Data for analysis:

"""

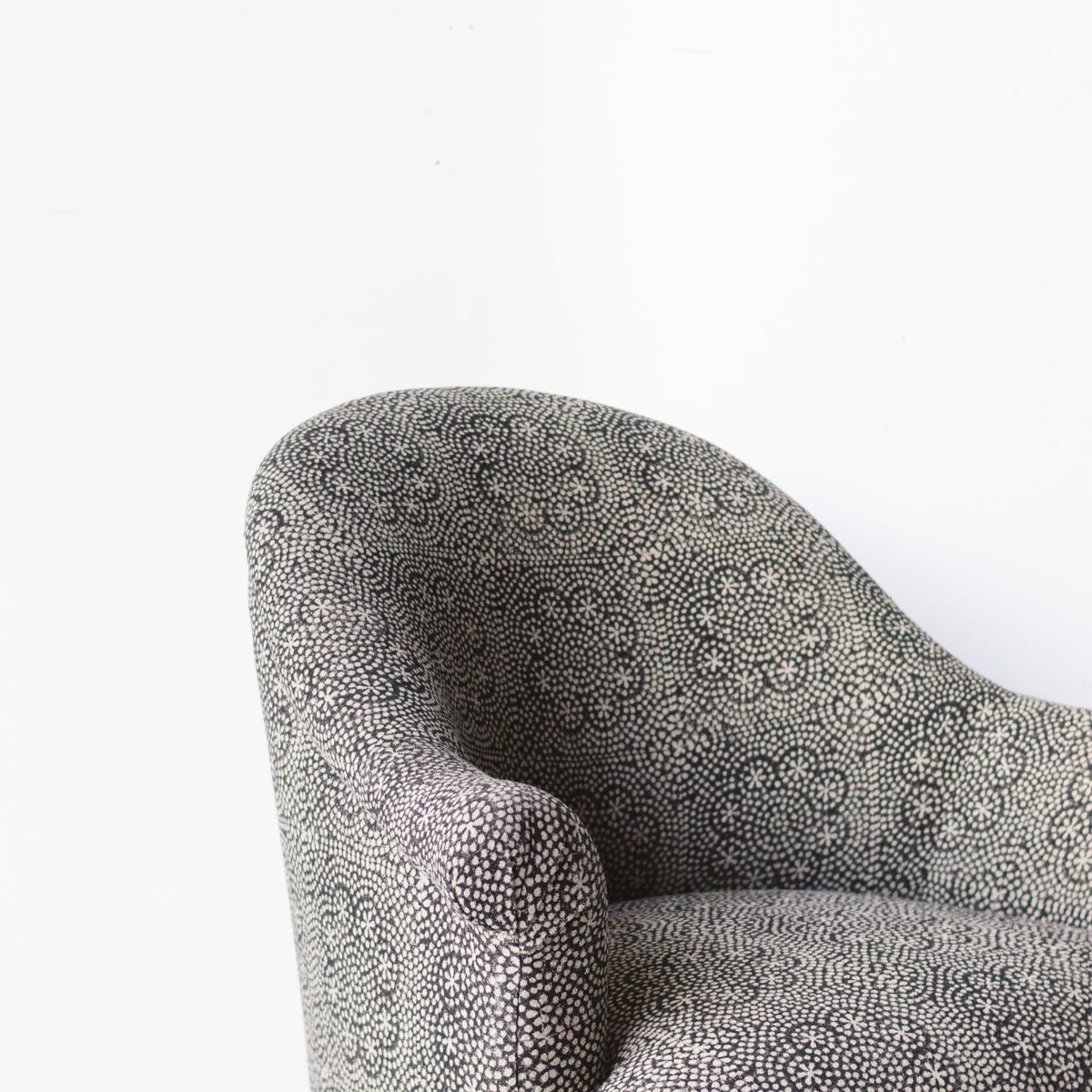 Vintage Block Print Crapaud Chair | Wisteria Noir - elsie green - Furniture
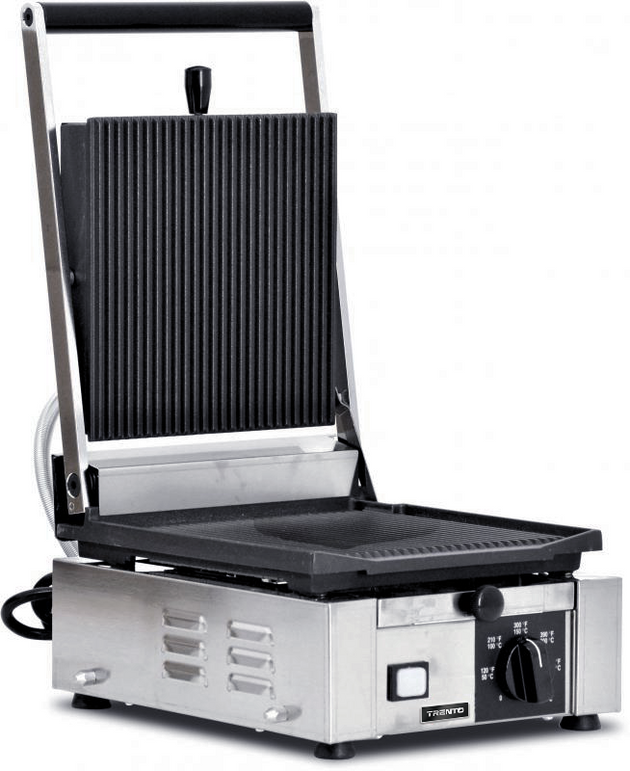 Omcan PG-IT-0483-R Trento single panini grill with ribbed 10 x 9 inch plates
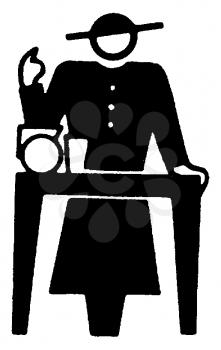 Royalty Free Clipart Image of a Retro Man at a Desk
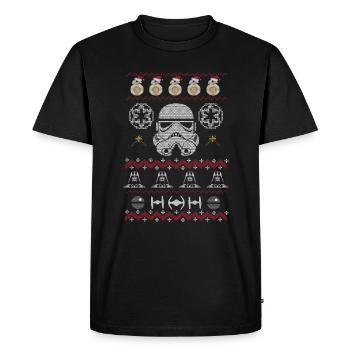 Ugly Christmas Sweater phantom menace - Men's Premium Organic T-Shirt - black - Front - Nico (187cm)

"""
"""

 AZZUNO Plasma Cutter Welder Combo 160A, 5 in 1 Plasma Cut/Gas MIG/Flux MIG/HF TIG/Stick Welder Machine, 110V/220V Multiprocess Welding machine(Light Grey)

"""

Your assignment: Return the material from the line containing "Vintage Block Print" through the line containing "Ugly Christmas Sweater", exactly and in full, but without its pictures.

The completed task:
 Vintage Block Print Crapaud Chair | Wisteria Noir - elsie green - Furniture
 Omcan PG-IT-0483-R Trento single panini grill with ribbed 10 x 9 inch plates
 Royalty Free Clipart Image of a Retro Man at a Desk
 Ugly Christmas Sweater phantom menace - Men's Premium Organic T-Shirt - black - Front - Nico (187cm)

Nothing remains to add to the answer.